I'll have to think on a decent API for this, and whether it belongs in Cesil. You can kind of jury rig it up using either dynamic or an aggregate row... something like:

public static void Aggregate<T1,T2,T3,...>(Options opts, TextReader reader, Action<T1> a, Action<T2> b, Action<T3> c, ...)
{
  var row = new AggregateRow<T1,T2,T3,...>();
  var config = Configuration.For<AggregateRow<T1,T2,T3,...>>(opts);
  using(var csv = config.CreateReader(reader))
  {
    while(csv.TryRead(ref row))
    {
       a(row.A);
       b(row.B);
       c(row.C);
       ...
    }
  }
}

private sealed class AggregateRow<T1,T2,T3,...>
{
  public T1 A { get; set; }
  public T2 B { get; set; }
  public T3 C { get; set; }
  ...
}

Might make sense to add something like that to CesilUtils.

  1. Again, very edge case, but you could consider adding an optional string interning/reusing feature that calculates the cardinality of string fields based on the first N records, and if the cardinality is below a certain threshold, re-use an already allocated string. I'm currently using an implementation with dictionary<int,string> that's keyed on the GetHashCode() of the string, this worked well and resulted in moving a lot of Gen 3 collections to Gen 1, as well as reducing the minimum required memory. On monday I will experiment with hashing off the raw bytes to avoid the string allocation overhead to begin with.

In the past I've explored things like this for other serialization libraries, and have found it requires a lot of fine tuning to a specific use case. Cesil enables providing your own interning by specifying a Parser for string members, which can do whatever it wants to avoid or reuse allocations.
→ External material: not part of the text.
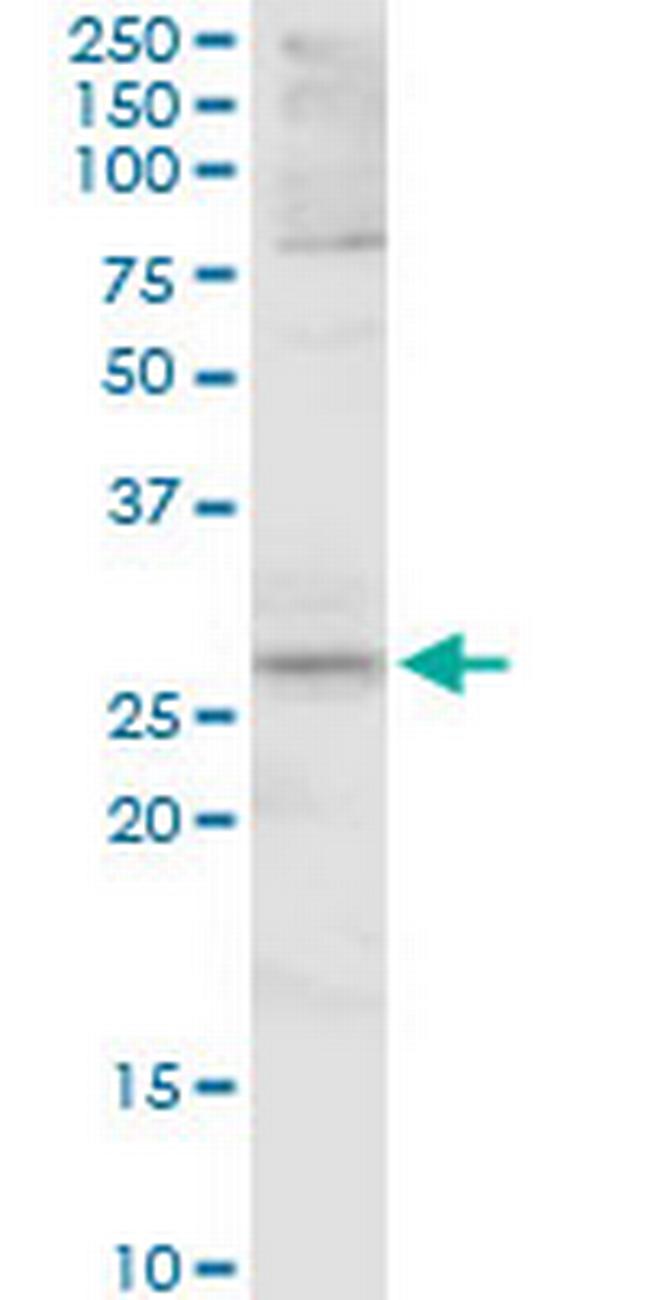 FOSL1 Antibody in Western Blot (WB)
It's also worth noting that .NET might get some automatic support for string de-duping (at least in older generations), which may change the calculus on whether manually de-duping in app code is worth it.

kevin-montrose commented 4 years ago

Oh, and I've got some "real" benchmarks (previously I had a crazy one that could only ever run on my personal machine) in the repo now - so Cesil may be a tad faster in 0.3.0 too.

The point of Cesil is to be pretty flexible and extensible and "modern," not to be the fastest, so I'm not planning to trade flexibility for performance. That said, a properly designed .NET library in 2020 ought to be quite fast by default.

lstefano71 commented 3 years ago
  1. This is very edge-case, but I would love to see some very low-level extensibility points, for example a way to get access to the raw ReadOnlySpan of a given field.

I don't consider this an edge-case, a modern .NET serialization library should embrace the low cost extensions afforded by ReadOnlySpan<T> (and friends). The way to do this with Cesil is to provide a custom Parser via the ITypeDescriber on your Options.

Would you happen to have a sample program which shows how one would go about providing a customer parser? I tried looking through the tests but apart from the sheer quantity, as far as I could tell, they are low-level tests and go all the way up to the reader. Is one supposed to implement a new TypeDeiscriber? Or is it possible to simply extend the Default one? Thank you in advance.